- Battle of Ougarou: Part of Jihadist insurgency in Burkina Faso
| Date | April 17, 2023 |
| Location | Ougarou, Est Region, Burkina Faso |
| Result | JNIM victory Ougarou falls under jihadist control; |

Belligerents
- Burkina Faso: Jama'at Nasr al-Islam wal Muslimin Katiba Hanifa;

Casualties and losses
- 33 killed 12 wounded Unknown missing: 40 killed

= Battle of Ougarou =

2023 battle in Burkina Faso

On April 27, 2023, jihadists from the Katiba Hanifa of Jama'at Nasr al-Islam wal-Muslimin launched an attack on Burkinabe forces in Ougarou, Est Region, Burkina Faso. Around 33 Burkinabe soldiers and VDP were killed along with 40 jihadists.

== Background ==
Violence by jihadist groups increased exponentially since the September 2022 Burkina Faso coup d'état that overthrew putschist Paul-Henri Sandaogo Damiba, who came to power in a coup that January. Much of the violence was caused by the al-Qaeda-aligned Jama'at Nasr al-Islam wal-Muslimin and its affiliates in Burkina Faso and the Islamic State – Sahil Province, which have besieged towns and launched deadly attacks on Burkinabe soldiers and pro-government militiamen.

== Battle ==
The Burkinabe military base in Ougarou was attacked on the morning of April 27. Little is known about how the attack developed, but a Burkinabe press release stated that there was "particularly intense" fighting between the jihadists and the soldiers. The press release also stated that the Burkinabe soldiers were overpowered by a larger group of jihadist reinforcements. The reinforcements allowed the jihadists to evacuate wounded comrades.

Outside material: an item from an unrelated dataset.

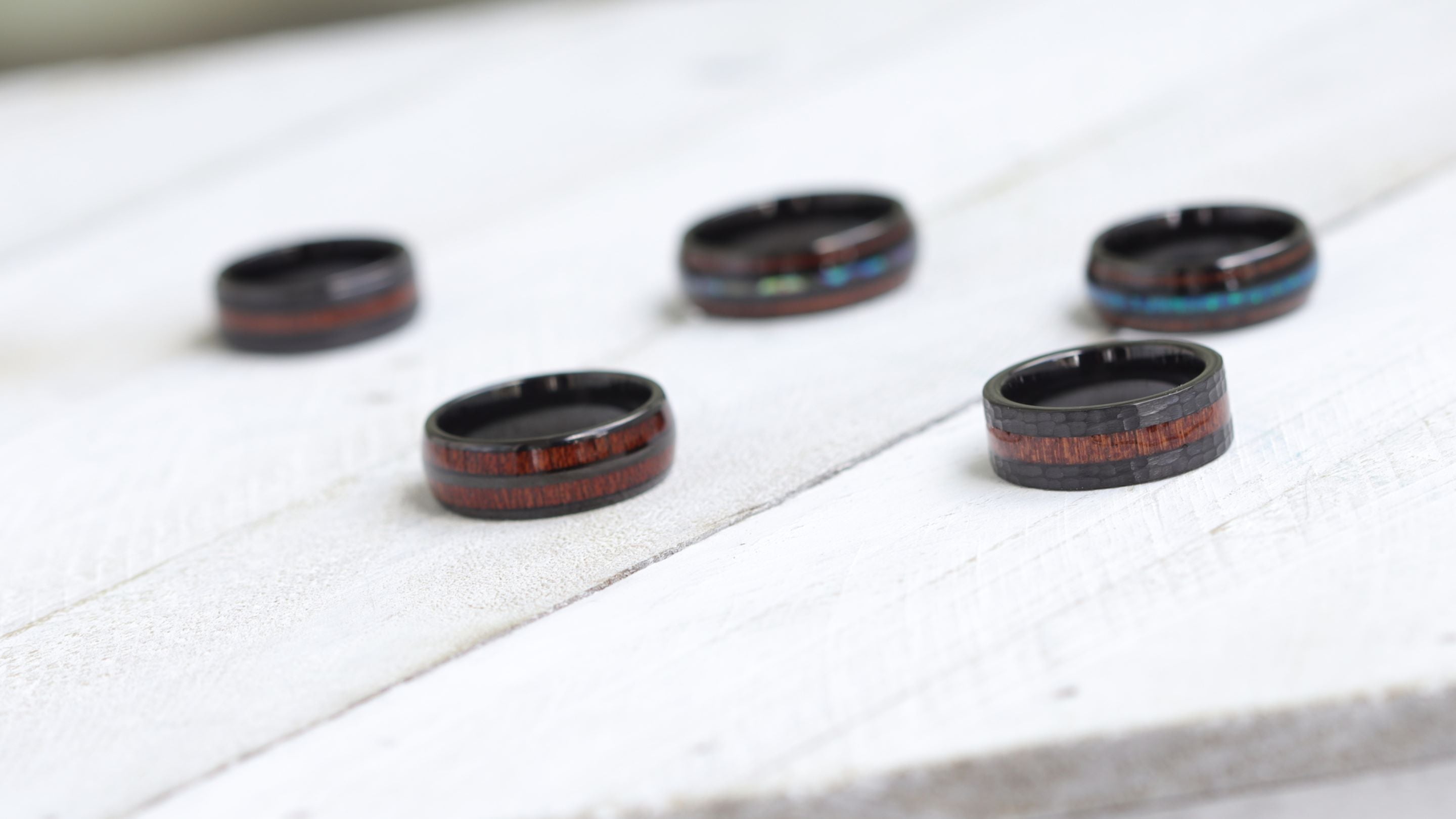Tungsten Rings Opal & Koa Wood Rings Hawaii LovinHawaii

Burkinabe officials stated that 33 soldiers were killed and twelve were wounded, along with some soldiers missing. They also claimed that at least 40 jihadists were killed or injured before the arrival of reinforcements. No group claimed responsibility for the attack, but the Africa Center for Strategic Studies accused Katiba Hanifa of Jama'at Nasr al-Islam wal-Muslimin of responsibility.